自宅近くのTSUTAYAで何枚かCDを借りて自宅に向かう途中、横から急に話しかけられた。なんだろうと思ったら、八百屋さんのおじさんで、「スイカを買わないか」と言ってきたらしい(八百屋さんだからね)。

この八百屋さんは僕が利用している市民生協の隣にあって、おじさんとおばさんの二人だけの小さな店だ。去年の夏、お店の外に並べてあるスイカが安かったのでつい立ち止まって見ていたら、おじさんが話しかけてきて、それ以来何個かスイカを買った。おじさんいわく、「本当においしいスイカは本当においしい」と言う。僕が安いスイカを買おうとしたら、「それはあんまりおいしくないよ」と言う。

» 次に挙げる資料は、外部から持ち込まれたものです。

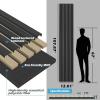 imageArt3d 2Pack 48quot x 24quot Acoustic Wood Panels for Wall Soundproof Wood Slat Panel for Wall and Ceiling 3D Fluted Sound Absorbing Paneling for Interior Wall Decor Living Room Bedroom  WalnutBlackwood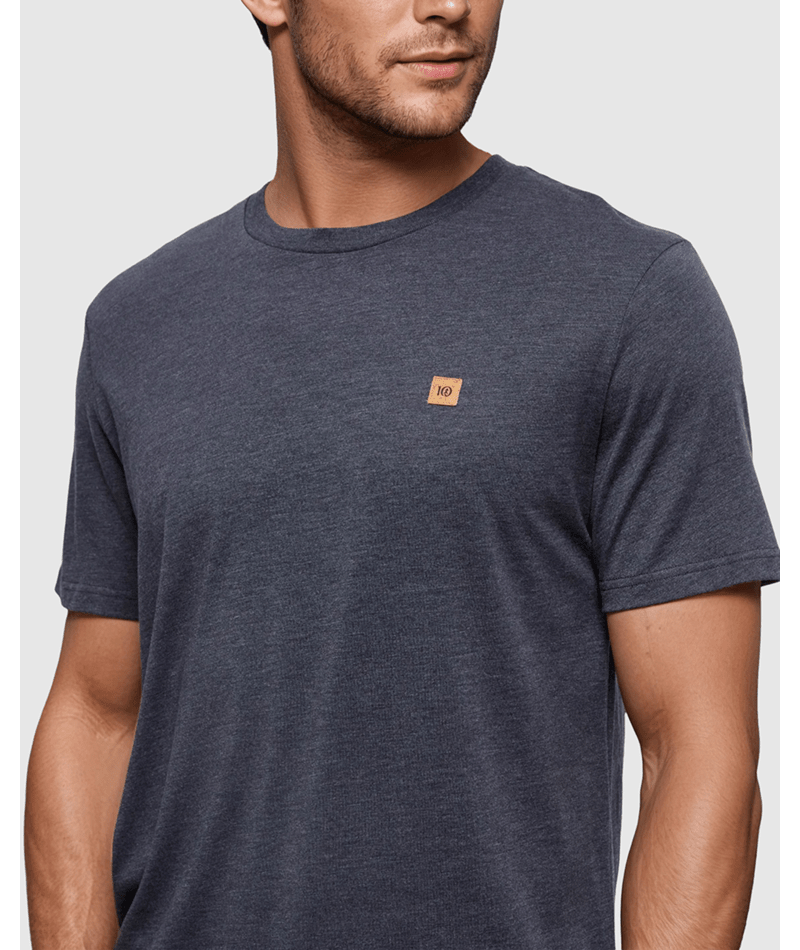 Tentree Men Baker Tee - Midnight Blue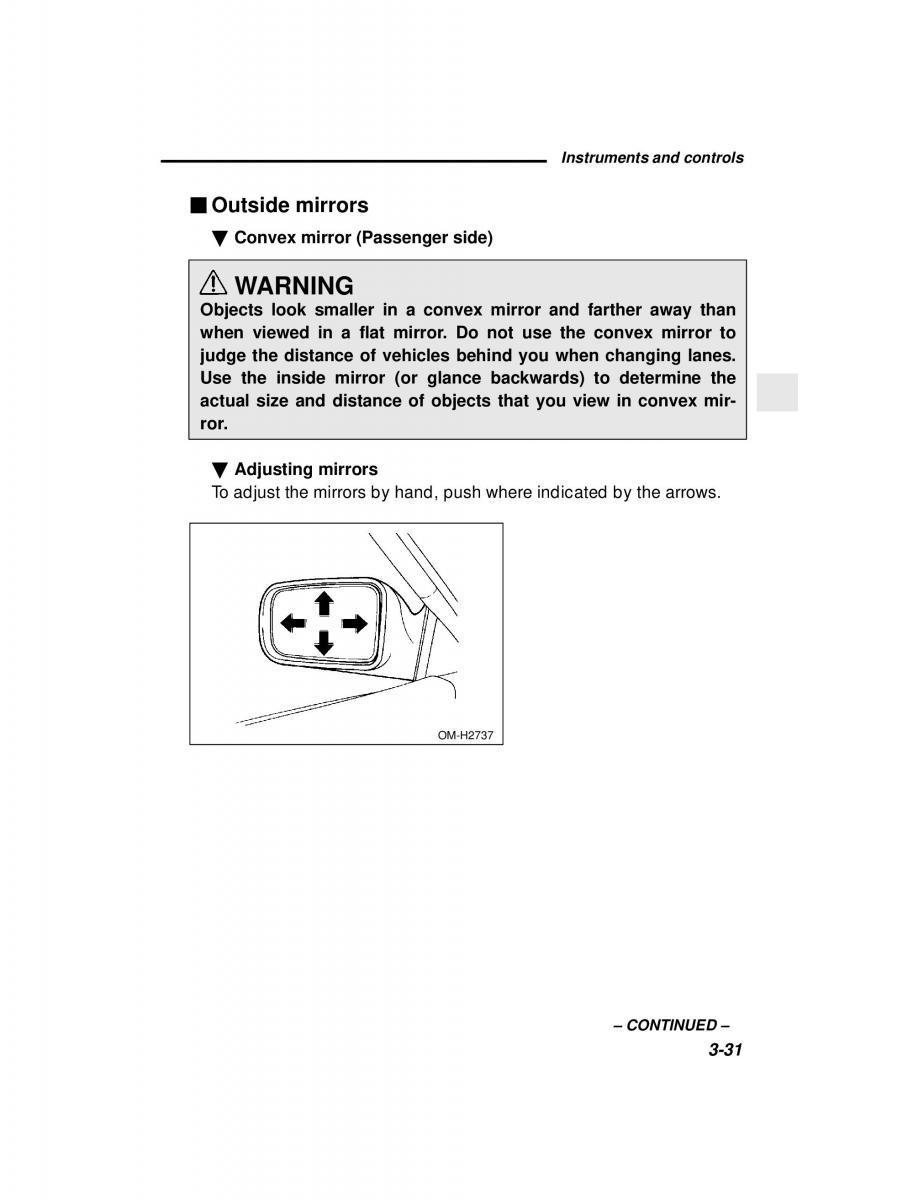 manual  Subaru Outback Legacy owners manual / page 153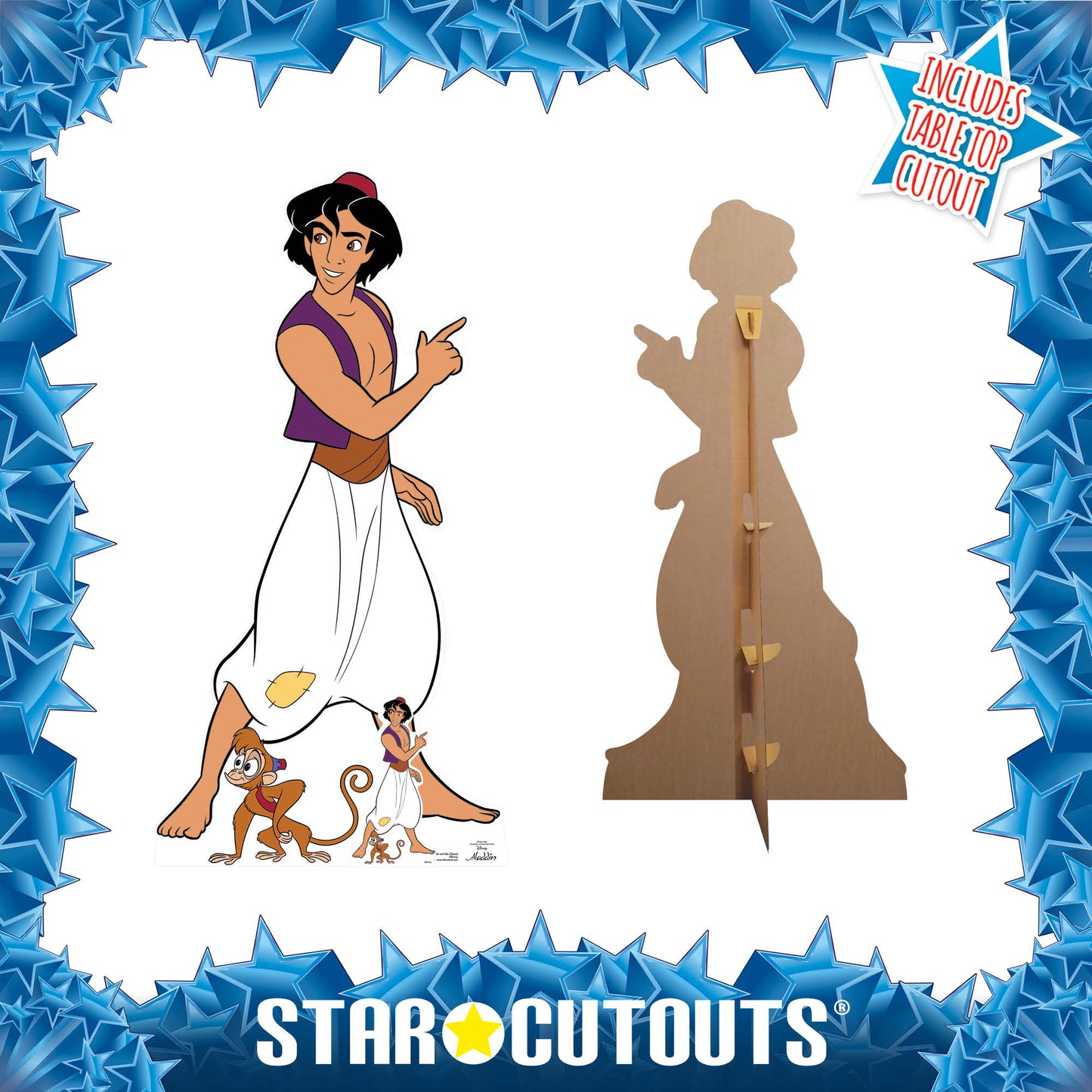 Aladdin Classic Cardboard Cut Out Height 185cm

だから去年僕は、生まれてから一番高いスイカを買ったが、それは確かにおいしかった。

僕がおじさんの店で買い物をしたのは、スイカだけなんだけれども、それ以来おじさんにしっかり覚えられたようで、お店の前を通るときは必ず挨拶をする。でも今日はこちらが認識していないところ、横からいきなり声をかけられたわけだ。おじさんは500円と1500円のスイカを道路に出していたが、1500円のほうを指さして、「これ良いよ。おいしいよ。間違いない」と言う。真剣かつフレンドリーな表情で。

僕は別に今日どうしてもスイカを食べたいわけでも、買いたいわけでもなかったのだけれど、なにしろ素直な性格なので、そう言われると買いたくなった。しかし、TSUTAYAで手持ちのお金を使い果たしてして(入り用が多くて手持ち金額が少なくなっていたわけで、CDを何百枚もレンタルしたわけではない)、200円もなかった。「今、手持ちがないので、お金をおろしてきます」と言って、すぐ隣の市民生協に向かった。市民生協には、以前ATM端末が設置されていて手数料がかかるけれどこうした緊急?のときには便利だ。ところが、メインで利用している三菱東京UFJ銀行のカードを入れると「お取り扱いできません」と言われる。多分システムメンテナンス関連の作業だろう。しかし、このままではおじさんとの約束を果たせない。僕はおじさんの少し心配そうな表情を思い出して、少し焦った。時刻は午後6時を過ぎていたけれど、ゆうちょバンクのカードを入れてみたらこちらは利用できた。僕は1万円をおろして、市民生協を出ておじさんの店に戻り、スイカを買った。なんとなく太宰治走れメロスを思い出した。